Link to the dataset on huggingface: https://huggingface.co/datasets/MariusHobbhahn/swe-bench-verified-tiny
If you use the Inspect implementation, you can merely switch the dataset: str = "princeton-nlp/SWE-bench_Verified",
to dataset: str = "MariusHobbhahn/swe-bench-verified-mini",
in the "swe_bench.py" file.
SWEBench-verified-mini is a subset of SWEBench-verified that uses 50 instead of 500 datapoints, requires 5GB instead of 130GB of storage (only using django and sphinx environments) and has approximately the same distribution of performance, test pass rates and difficulty as the original dataset on 16 different models.
We compare between four datasets:
- Full: all 500 datapoints of SWEBench-verified
- K-mean representative: 50 datapoints selected by k-means clustering (but no size optimization)
- Random: 50 random datapoints
- Size optimized: 50 datapoints selected by Linear Programming to minimize storage size while use k-means to keep the distribution of scores (performance, test pass rates, difficulty) similar to the full dataset.
We want the numbers of the subsets to be as close as possible to the full dataset, i.e. the orange, green and especially the red bar should be as close as possible to the blue bar.
SWEBench-verified is a great dataset, but it is very large.

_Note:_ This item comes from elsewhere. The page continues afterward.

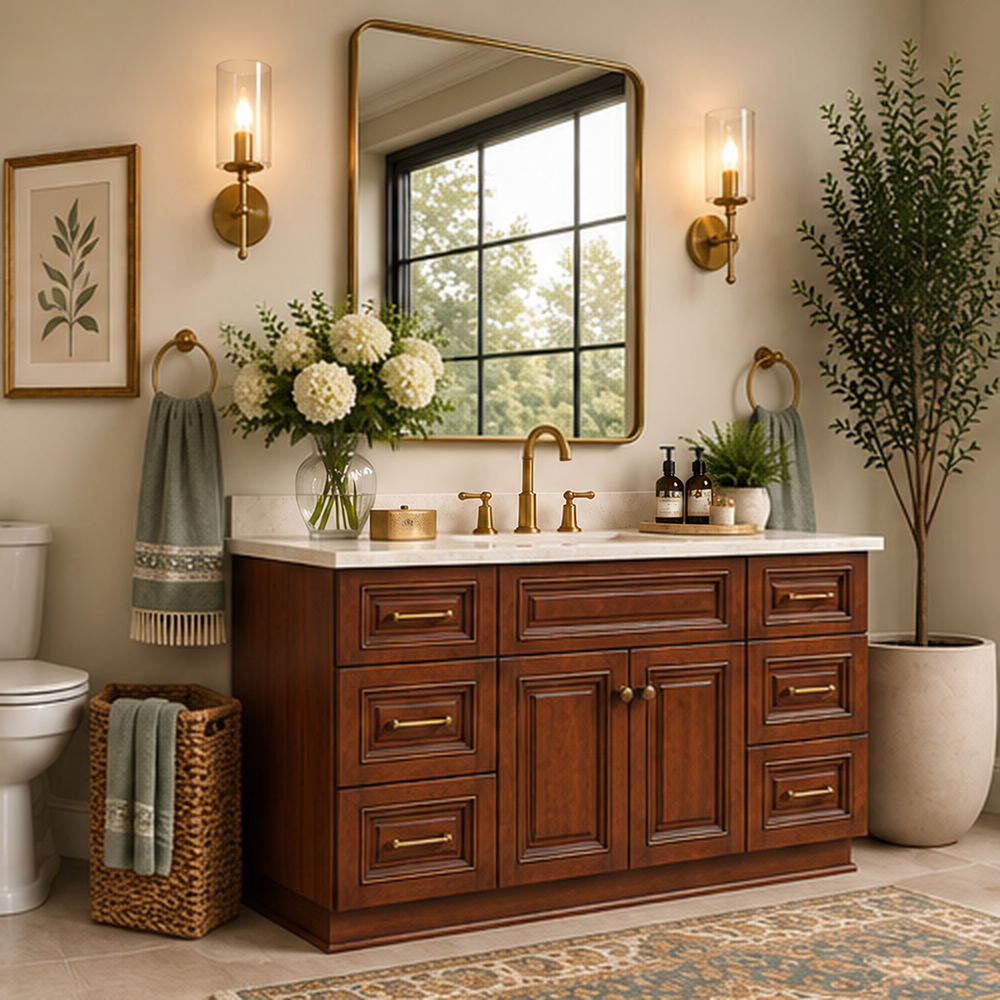 DREVA American Vintage Solid Wood Bathroom Vanity Set - Urban Mood Singapore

Thus, I wanted to create a smaller version that is a good proxy for the overall performance of models on the dataset. I call this dataset SWEBench-verified-mini.
SWEBench-verified-mini is a subset of SWEBench-verified that uses 50 instead of 500 datapoints, requires 5GB instead of 130GB of storage and has approximately the same distribution of performance, test pass rates and difficulty as the original dataset (using 16 models for comparison).
Note that I'm primarily combining work from other people, so most of the credit should go to them:
- Jiminez et al. for creating the original dataset.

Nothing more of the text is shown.